::: Extracted entries
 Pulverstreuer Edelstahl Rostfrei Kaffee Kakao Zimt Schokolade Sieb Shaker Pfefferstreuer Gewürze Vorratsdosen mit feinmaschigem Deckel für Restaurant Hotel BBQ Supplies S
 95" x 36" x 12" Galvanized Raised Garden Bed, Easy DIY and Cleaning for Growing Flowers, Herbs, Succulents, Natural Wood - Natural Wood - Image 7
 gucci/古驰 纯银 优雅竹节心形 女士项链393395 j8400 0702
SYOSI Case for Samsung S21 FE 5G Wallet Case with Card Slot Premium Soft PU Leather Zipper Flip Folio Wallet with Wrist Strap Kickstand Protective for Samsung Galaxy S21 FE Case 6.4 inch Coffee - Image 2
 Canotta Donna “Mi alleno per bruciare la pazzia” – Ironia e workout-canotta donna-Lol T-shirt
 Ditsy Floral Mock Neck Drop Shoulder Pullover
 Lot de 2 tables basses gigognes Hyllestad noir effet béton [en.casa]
::::::
::: Extracted entries
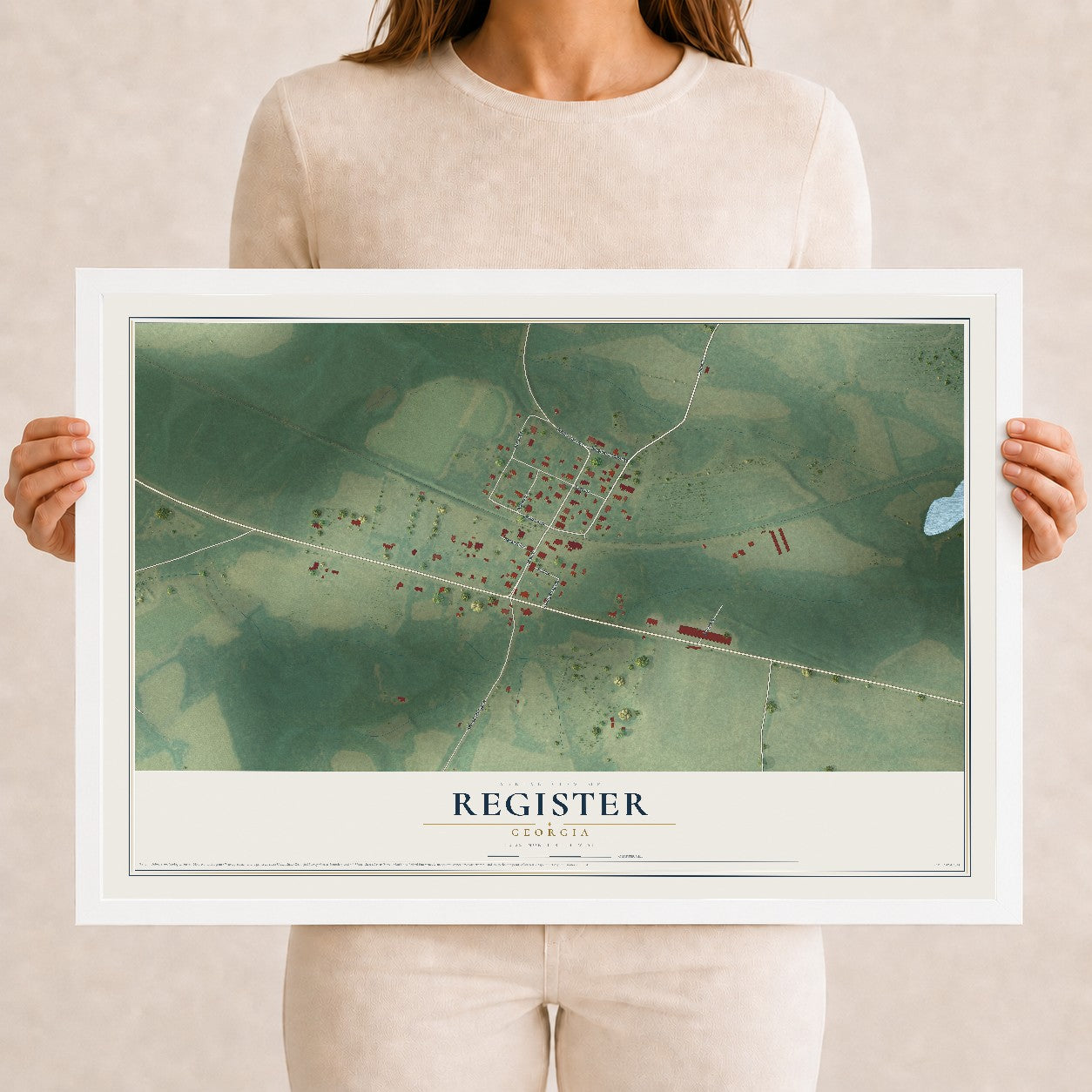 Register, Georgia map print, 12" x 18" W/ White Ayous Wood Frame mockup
::::::
- **Work required**
Check each line of the material for "Image". Copy the ones that have it.

- **Expected output**
 95" x 36" x 12" Galvanized Raised Garden Bed, Easy DIY and Cleaning for Growing Flowers, Herbs, Succulents, Natural Wood - Natural Wood - Image 7
SYOSI Case for Samsung S21 FE 5G Wallet Case with Card Slot Premium Soft PU Leather Zipper Flip Folio Wallet with Wrist Strap Kickstand Protective for Samsung Galaxy S21 FE Case 6.4 inch Coffee - Image 2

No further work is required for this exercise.